What to work on =>
Please restate word for word the lines of the entries below from the one with "Violet Colour Georgette" to the one with "DIOR SMALL MY", inclusive, and leave out every picture.
Start of Information
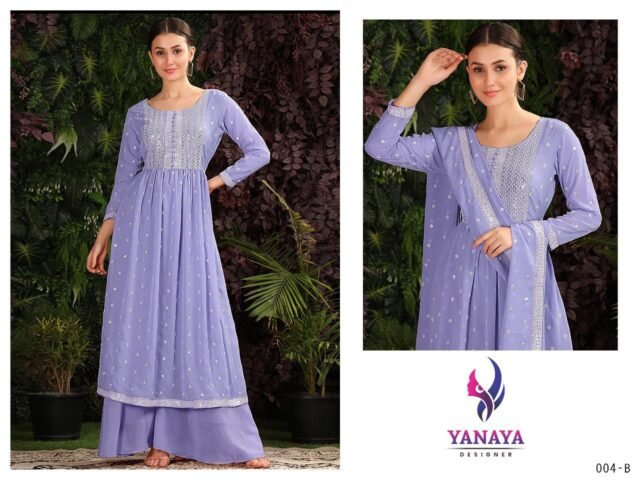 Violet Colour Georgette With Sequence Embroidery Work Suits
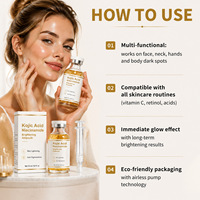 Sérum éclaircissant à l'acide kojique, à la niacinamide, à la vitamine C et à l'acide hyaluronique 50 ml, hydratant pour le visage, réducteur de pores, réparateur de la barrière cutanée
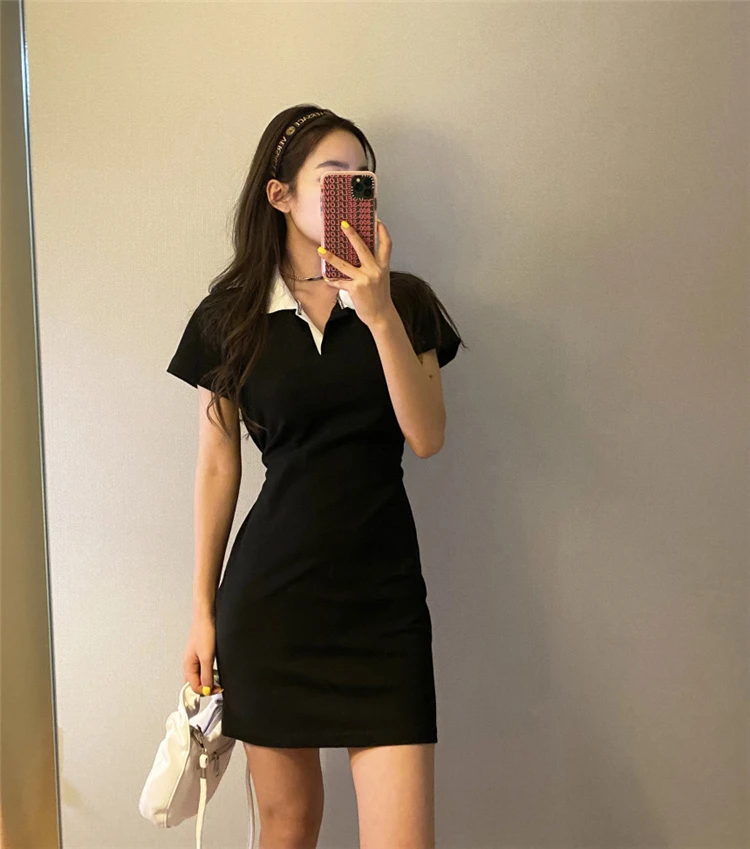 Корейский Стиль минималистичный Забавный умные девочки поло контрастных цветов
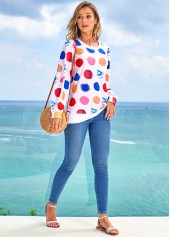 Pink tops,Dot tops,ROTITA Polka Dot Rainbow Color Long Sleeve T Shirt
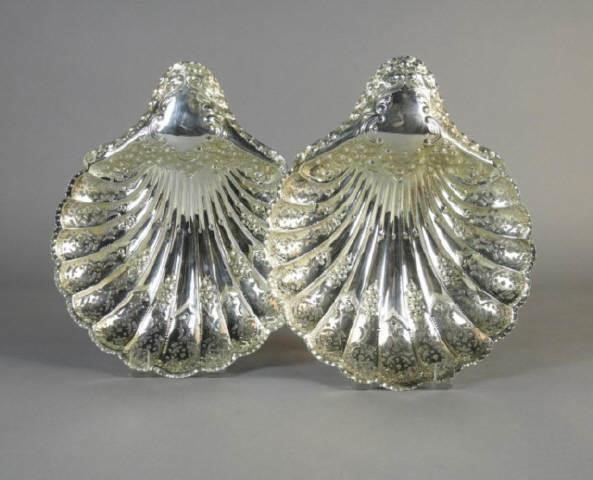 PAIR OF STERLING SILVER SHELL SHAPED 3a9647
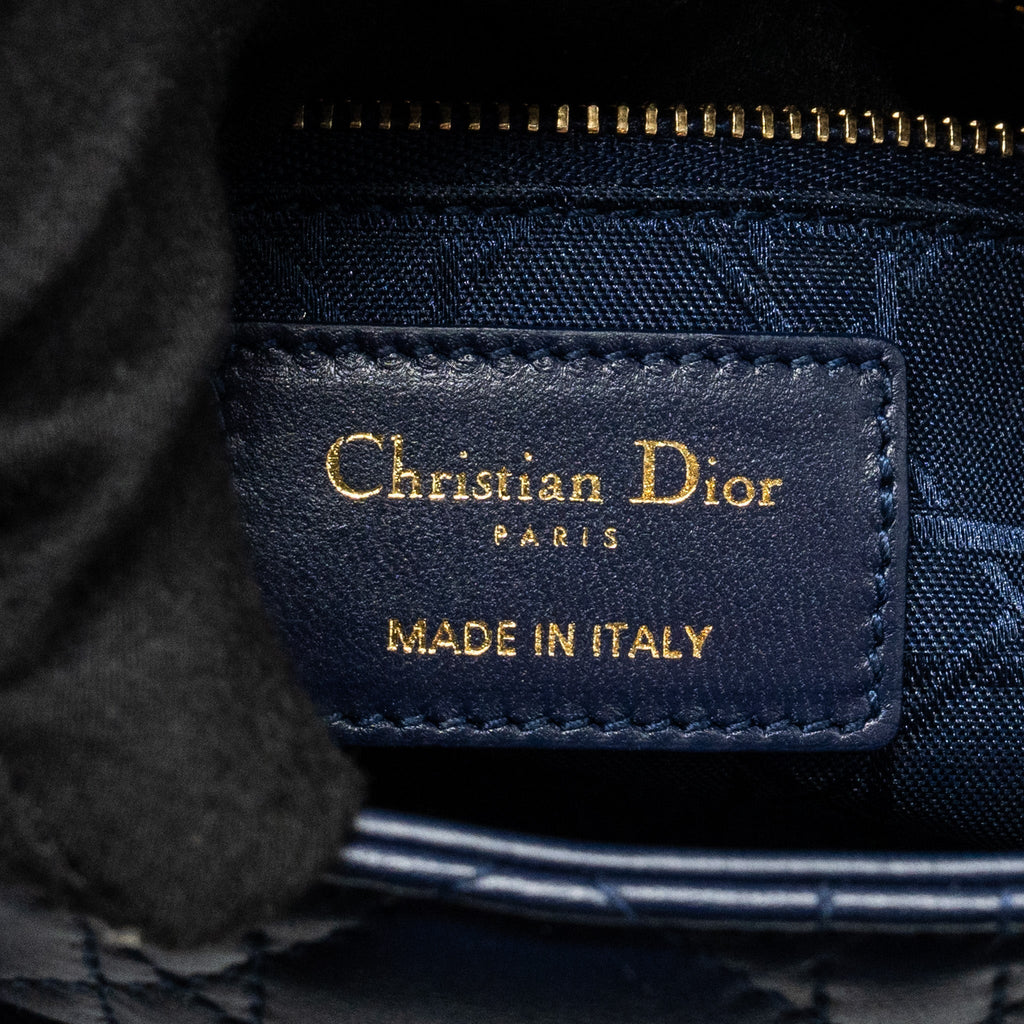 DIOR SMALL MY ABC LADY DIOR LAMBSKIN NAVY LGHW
End of Information
Start of Information
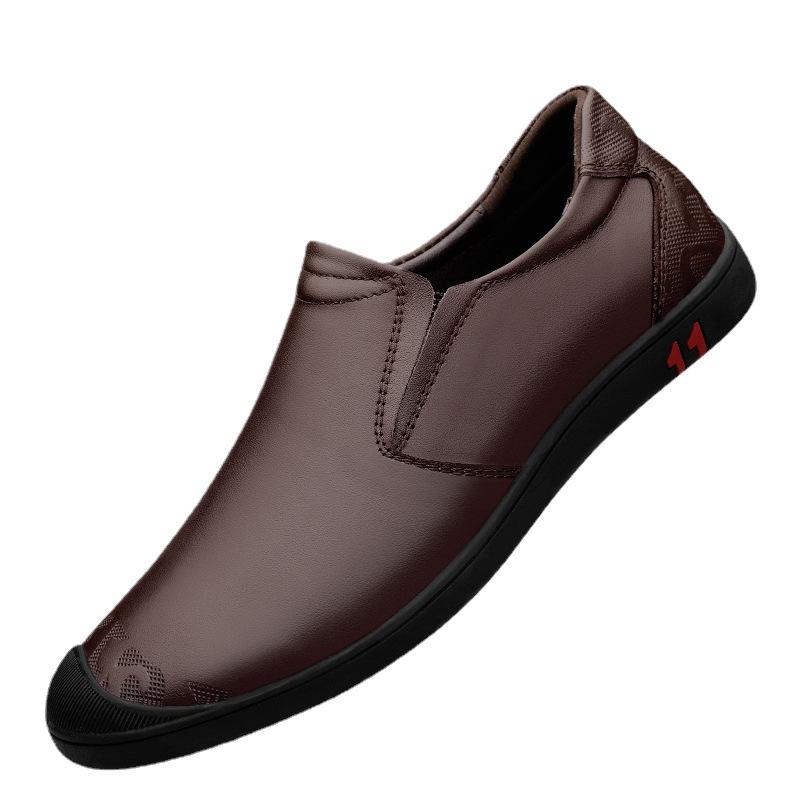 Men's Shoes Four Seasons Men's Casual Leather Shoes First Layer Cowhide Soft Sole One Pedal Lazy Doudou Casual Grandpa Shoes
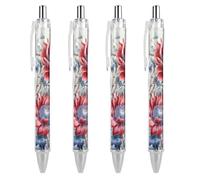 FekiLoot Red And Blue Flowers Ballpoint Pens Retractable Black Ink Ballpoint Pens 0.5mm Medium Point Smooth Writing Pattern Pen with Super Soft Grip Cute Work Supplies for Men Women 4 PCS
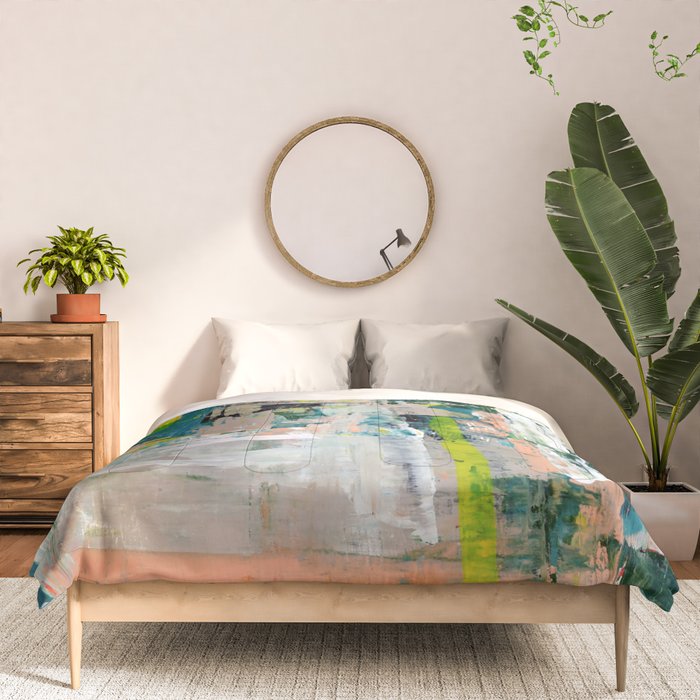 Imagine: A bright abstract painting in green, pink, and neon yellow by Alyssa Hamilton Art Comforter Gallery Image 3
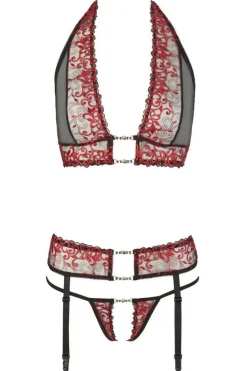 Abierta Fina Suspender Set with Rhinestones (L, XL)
End of Information
Result for this exercise =>
 Violet Colour Georgette With Sequence Embroidery Work Suits
 Sérum éclaircissant à l'acide kojique, à la niacinamide, à la vitamine C et à l'acide hyaluronique 50 ml, hydratant pour le visage, réducteur de pores, réparateur de la barrière cutanée
 Корейский Стиль минималистичный Забавный умные девочки поло контрастных цветов
 Pink tops,Dot tops,ROTITA Polka Dot Rainbow Color Long Sleeve T Shirt
 PAIR OF STERLING SILVER SHELL SHAPED 3a9647
 DIOR SMALL MY ABC LADY DIOR LAMBSKIN NAVY LGHW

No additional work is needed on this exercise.